Thursday, June 24, 2010

A Tribute

Whenever I conduct a workshop, which I did earlier this week in Chicago, I am touched by the dedication of those in attendance, both the advancement professionals and the academic leaders who come to better understand how the exercise of their responsibilities might create more philanthropic opportunities for the disciplines entrusted to them. Most of them work with very modest budgets and under less than ideal circumstances but they do come to complain or make excuses. They acknowledge the limitations they labor under while manifesting a determination to work through or around them. When they have a chance to speak, either during the workshop or at one of the breaks, they do use the time to dwell on all they struggle against but to ask what is possible given what they have to work with. As I listen to them, I am reminded why philanthropy continues to work despite the shortcoming of institutions, be it the short-sightedness of some who lead them or the propensity of their cultures to recognize and respond to change.

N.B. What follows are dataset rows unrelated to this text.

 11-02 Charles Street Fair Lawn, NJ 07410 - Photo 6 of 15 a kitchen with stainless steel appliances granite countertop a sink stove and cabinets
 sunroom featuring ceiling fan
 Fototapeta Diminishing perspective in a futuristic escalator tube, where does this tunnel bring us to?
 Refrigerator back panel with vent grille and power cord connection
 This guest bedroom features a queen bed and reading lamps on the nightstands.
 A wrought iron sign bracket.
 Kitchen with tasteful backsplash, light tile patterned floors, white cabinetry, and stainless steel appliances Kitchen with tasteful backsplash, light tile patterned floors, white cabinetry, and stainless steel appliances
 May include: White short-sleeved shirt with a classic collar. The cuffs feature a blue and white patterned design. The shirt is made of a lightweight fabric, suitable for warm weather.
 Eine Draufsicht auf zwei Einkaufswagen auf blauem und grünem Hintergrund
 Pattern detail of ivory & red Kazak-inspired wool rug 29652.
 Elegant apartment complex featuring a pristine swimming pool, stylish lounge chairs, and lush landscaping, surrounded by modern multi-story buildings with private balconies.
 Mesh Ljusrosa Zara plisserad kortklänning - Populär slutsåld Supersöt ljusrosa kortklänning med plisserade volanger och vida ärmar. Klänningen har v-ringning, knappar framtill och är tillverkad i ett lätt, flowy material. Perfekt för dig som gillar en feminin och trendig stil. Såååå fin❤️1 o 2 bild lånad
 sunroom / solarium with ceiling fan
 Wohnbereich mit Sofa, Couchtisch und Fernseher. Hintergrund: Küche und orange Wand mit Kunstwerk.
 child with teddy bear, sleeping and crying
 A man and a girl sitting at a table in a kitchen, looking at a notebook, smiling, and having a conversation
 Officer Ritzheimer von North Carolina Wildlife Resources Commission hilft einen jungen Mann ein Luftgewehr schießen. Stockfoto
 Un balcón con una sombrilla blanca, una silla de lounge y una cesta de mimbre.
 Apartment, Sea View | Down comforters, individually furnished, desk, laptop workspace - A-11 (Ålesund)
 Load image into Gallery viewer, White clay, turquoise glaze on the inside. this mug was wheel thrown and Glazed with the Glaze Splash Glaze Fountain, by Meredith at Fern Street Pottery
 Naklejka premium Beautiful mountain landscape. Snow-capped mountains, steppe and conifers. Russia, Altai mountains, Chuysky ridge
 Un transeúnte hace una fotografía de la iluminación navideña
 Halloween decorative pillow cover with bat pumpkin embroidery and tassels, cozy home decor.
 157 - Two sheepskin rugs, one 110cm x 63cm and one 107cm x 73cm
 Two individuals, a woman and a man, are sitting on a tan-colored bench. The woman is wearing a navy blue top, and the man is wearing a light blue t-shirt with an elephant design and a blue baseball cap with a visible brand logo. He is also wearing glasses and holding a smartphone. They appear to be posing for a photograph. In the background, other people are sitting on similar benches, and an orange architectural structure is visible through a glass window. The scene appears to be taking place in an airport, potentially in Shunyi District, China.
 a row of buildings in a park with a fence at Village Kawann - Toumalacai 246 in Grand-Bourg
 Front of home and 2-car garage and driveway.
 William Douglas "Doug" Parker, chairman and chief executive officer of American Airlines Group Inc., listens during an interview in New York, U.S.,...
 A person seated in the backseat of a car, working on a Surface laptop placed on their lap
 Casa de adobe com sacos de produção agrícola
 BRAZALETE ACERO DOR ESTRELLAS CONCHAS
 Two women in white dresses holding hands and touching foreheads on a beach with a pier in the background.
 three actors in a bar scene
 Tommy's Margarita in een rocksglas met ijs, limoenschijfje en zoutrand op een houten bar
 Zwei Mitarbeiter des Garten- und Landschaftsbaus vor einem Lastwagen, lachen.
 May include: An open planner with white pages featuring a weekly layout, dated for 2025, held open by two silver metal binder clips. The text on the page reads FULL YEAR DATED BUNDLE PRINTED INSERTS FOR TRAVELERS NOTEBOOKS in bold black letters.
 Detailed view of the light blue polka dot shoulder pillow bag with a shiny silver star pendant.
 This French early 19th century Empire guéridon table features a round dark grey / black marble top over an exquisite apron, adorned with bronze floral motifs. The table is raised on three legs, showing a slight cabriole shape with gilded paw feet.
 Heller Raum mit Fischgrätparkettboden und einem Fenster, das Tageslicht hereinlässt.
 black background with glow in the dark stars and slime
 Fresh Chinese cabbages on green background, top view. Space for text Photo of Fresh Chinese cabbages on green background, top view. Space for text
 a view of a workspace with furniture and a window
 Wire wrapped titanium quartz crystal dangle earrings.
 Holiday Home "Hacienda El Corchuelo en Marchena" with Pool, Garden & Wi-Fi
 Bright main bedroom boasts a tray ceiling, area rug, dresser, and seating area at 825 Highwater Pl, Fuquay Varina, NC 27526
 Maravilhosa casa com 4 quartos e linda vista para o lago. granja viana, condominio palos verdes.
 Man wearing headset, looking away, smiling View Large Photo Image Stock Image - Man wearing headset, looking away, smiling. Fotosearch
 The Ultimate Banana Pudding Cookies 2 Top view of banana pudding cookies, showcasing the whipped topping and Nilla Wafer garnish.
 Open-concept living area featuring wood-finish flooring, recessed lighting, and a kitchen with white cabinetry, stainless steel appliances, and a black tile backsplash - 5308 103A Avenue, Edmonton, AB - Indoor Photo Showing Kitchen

I define philanthropy as “a compact between donors and doers to get something of mutual interest done.” In these workshops and conferences, I see doers. They listen attentively; they challenge; they ask insightful questions, and they stay on task. Even at breaks, or in the evenings they seek me out asking for more. When the workshop is over, I feel as if they have given me more than I have provided for them.


Since I have written about a growing public skepticism toward institutions, and about the internal behaviors that have led to a loss of external financial and moral support, I thought it only right and fair to pay tribute to those within those places who defy the cultural norms and strive to bring about positive change. These are the people that create new sets of possibilities, that sometimes shuttle between the false expectations of institutional leaders and the misapprehensions of would-be donors, educating both and aligning purposes as they go until new arrangements and new models are created. These are the people that make their institutions better by bringing positive influences in and their supporters wiser by helping them understand how great ambitions are best realized by working through great institutions. They are not just representatives of individual institutions, they are agents of philanthropy. They know that the cannot advance the former without respecting and replenishing the latter.


So, even as the polls show the public trust in institutions in decline, and even as I fret about it and clamor for attention to it, I see real signs of real hope in every conference. I see mission-driven professionals remaining true to their institutions’ founding causes and I pray that life will afford me the continuing possibility of being helpful to them.